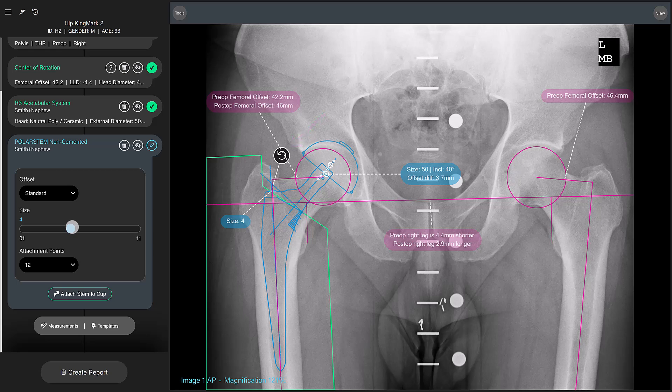As you can see in this example, the preoperative right leg is 4.4 millimeters too short, and the postoperative outcome is 2.9 millimeters longer, which means that the attachment points need fine tuning — namely the attachment points of the head on the stem in the case of a modular stem system like the polystem.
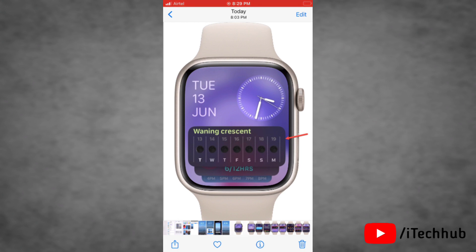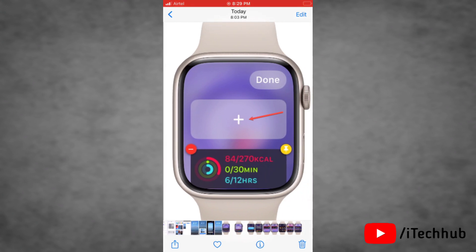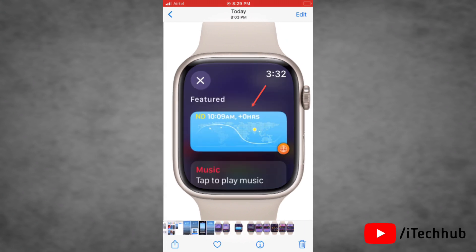Now let's get started to add a new widget on your watch. First of all, go to the widget screen. You can access the widgets by either swiping up from the bottom of the screen or by turning the digital crown upward. Then tap and long press on a widget so the widget editing mode will open. Now tap on the plus icon on the screen.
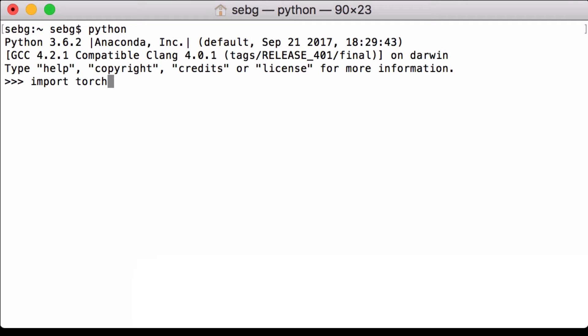We import PyTorch, then print the PyTorch version we are using. We are using 0.2.0_4 for this video.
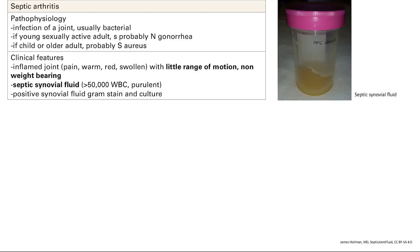Clinical features are pretty much the same as everything else — inflammation, pain, warmth, redness, swelling. The key factors here are that you're going to have very little range of motion and you're not going to be able to weight bear. Septic arthritis is more of an emergency because you can get destruction of that joint pretty easily.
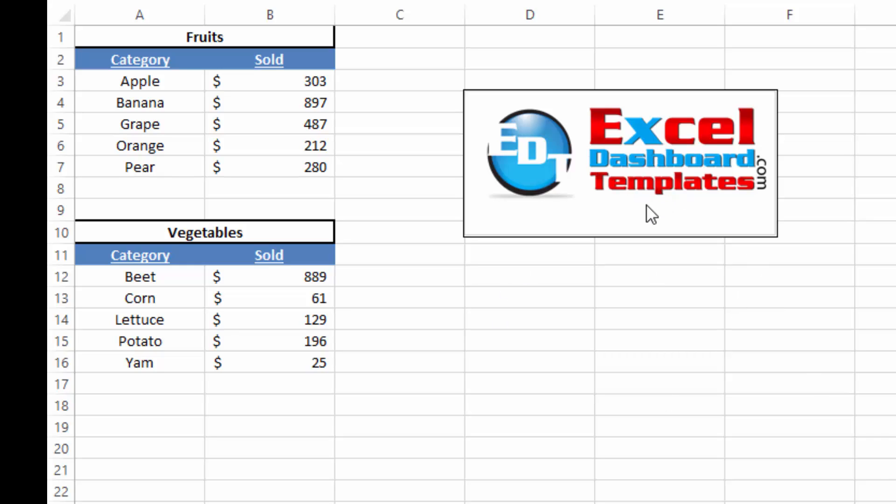Hello and welcome to ExcelDashboardTemplates.com. This is Steve Equals True. Please visit my blog at ExcelDashboardTemplates.com where you're sure to learn the latest posts, tips, tricks, and techniques, and learn everything about Excel.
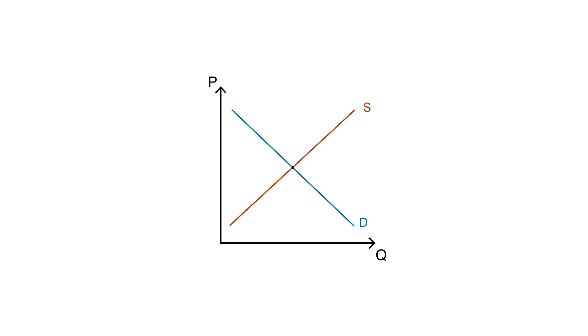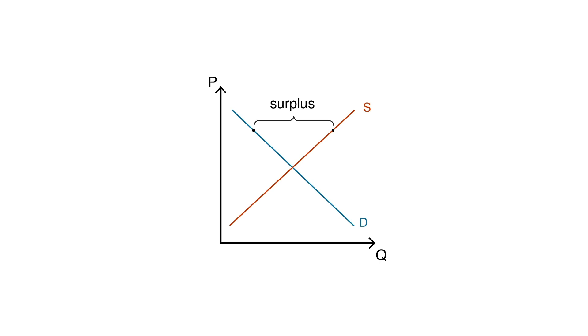Let's see two examples. In some cases, the quantity of goods demanded by consumers is lower than the quantity supplied by producers. Here the market is suffering from a surplus of unsold goods.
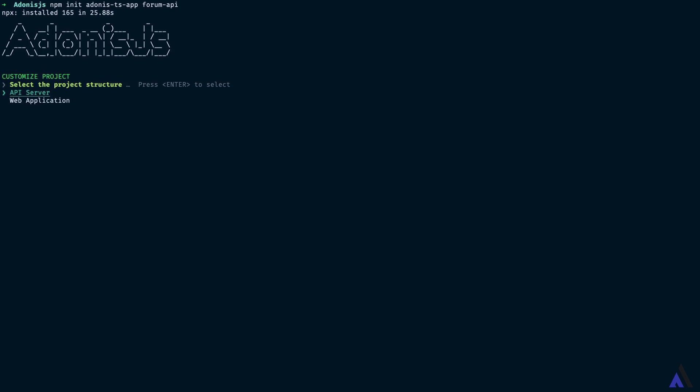Since we are building an API, we will select the API server project structure. The name will be the same. Yes, we want to set up ESLint and also Prettier.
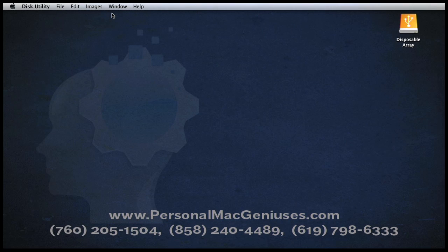I'm Chris Parsis, head genius at Personal Mac Geniuses. On this episode of PMGTV, I'm going to show you how to delete an Apple RAID array set so that you can reformat or repurpose the array.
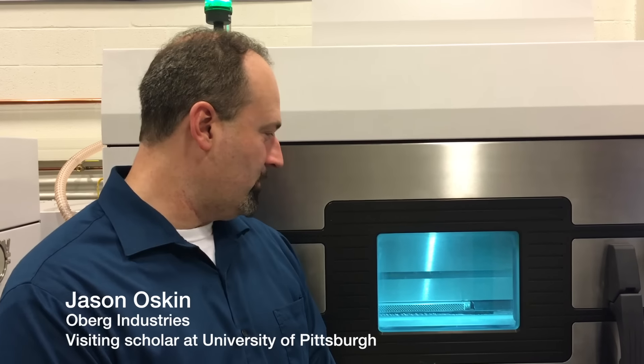I'm Jason Oskin. I'm a visiting scholar from Oberg Industries. I'm here at Pitt to operate and maintain the EOS M290 machine.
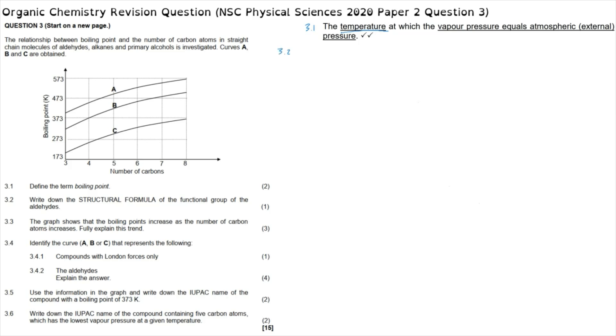Question 3.2 reads: write down the structural formula of the functional group of the aldehydes. Aldehydes are defined by a carbon-oxygen double bond known as the carbonyl group, and it is always on the first carbon. This means the carbon chain only goes off in one direction, and the other bond that carbon forms is with a hydrogen.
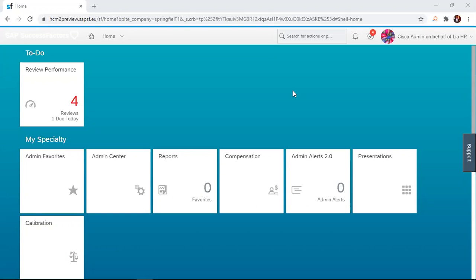To go about this, the HR VP or the person in charge just logs into the system like I've done here. You can see that proxy, that's an HR. Once that is done, the individual navigates to the review performance tab here.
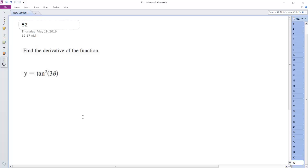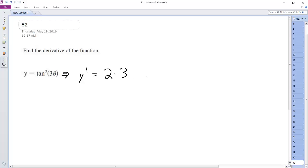So here we're going to use the product rule. y prime is going to be equal to the derivative of 2, and then the derivative of what's on the inside is just 3, from the chain rule on 3 theta. The derivative of the tangent of 3 theta is secant squared 3 theta, and then what we have left is tangent 3 theta.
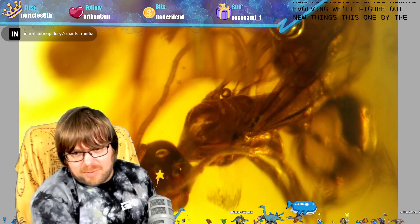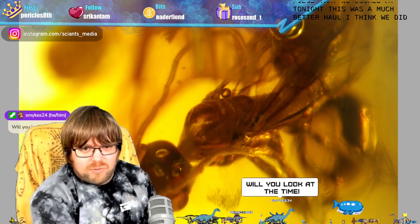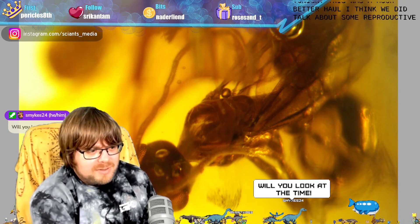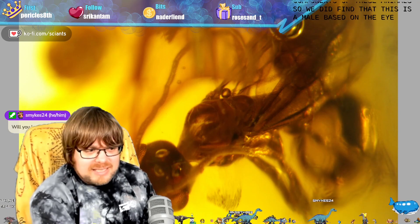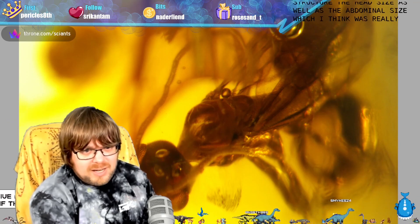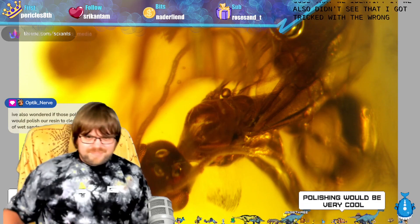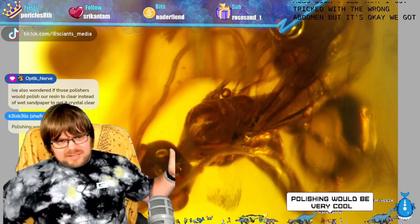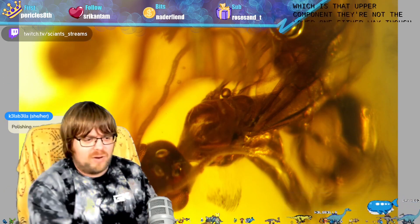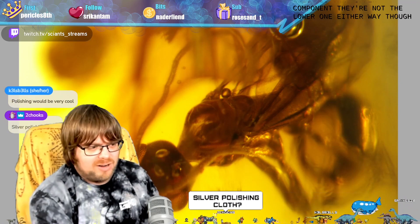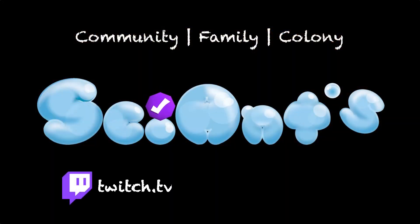This was the other amber piece we looked at tonight and it was a much better haul. We found this is a male based on the eye structure, the head size, and the abdominal size - which was really cool to identify. I did get tricked by the wrong abdomen, but we got the right one in the end - that upper component, not the lower one. Either way it's too small, so it's most likely a male rather than a female.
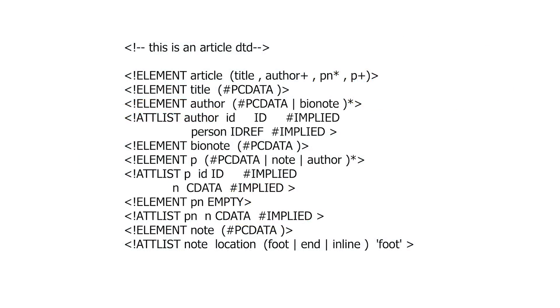And on this last slide, this is just an example of a DTD for articles. And I will leave you with that.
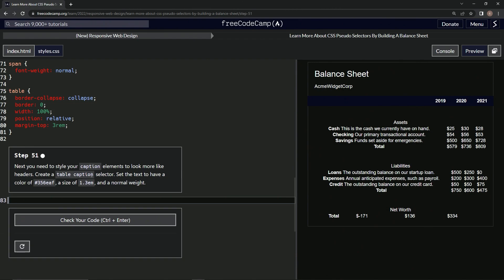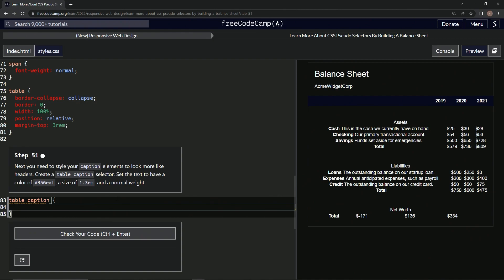We're going to create a table caption selector and set the text to have a color of #356EAF, a size of 1.3em, and a normal weight. All right, so we'll say table caption with curly braces like that. Down here we'll say color is #356EAF.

::::::::::

→ Aim of the task: Skip every picture, and restate word for word only the lines above from the line containing "I'm Chris Parsis, head" to the line containing "Question 3.2 reads: write", both of them included.

→ Task output:
I'm Chris Parsis, head genius at Personal Mac Geniuses. On this episode of PMGTV, I'm going to show you how to delete an Apple RAID array set so that you can reformat or repurpose the array.
I'm Jason Oskin. I'm a visiting scholar from Oberg Industries. I'm here at Pitt to operate and maintain the EOS M290 machine.
Question 3.2 reads: write down the structural formula of the functional group of the aldehydes. Aldehydes are defined by a carbon-oxygen double bond known as the carbonyl group, and it is always on the first carbon. This means the carbon chain only goes off in one direction, and the other bond that carbon forms is with a hydrogen.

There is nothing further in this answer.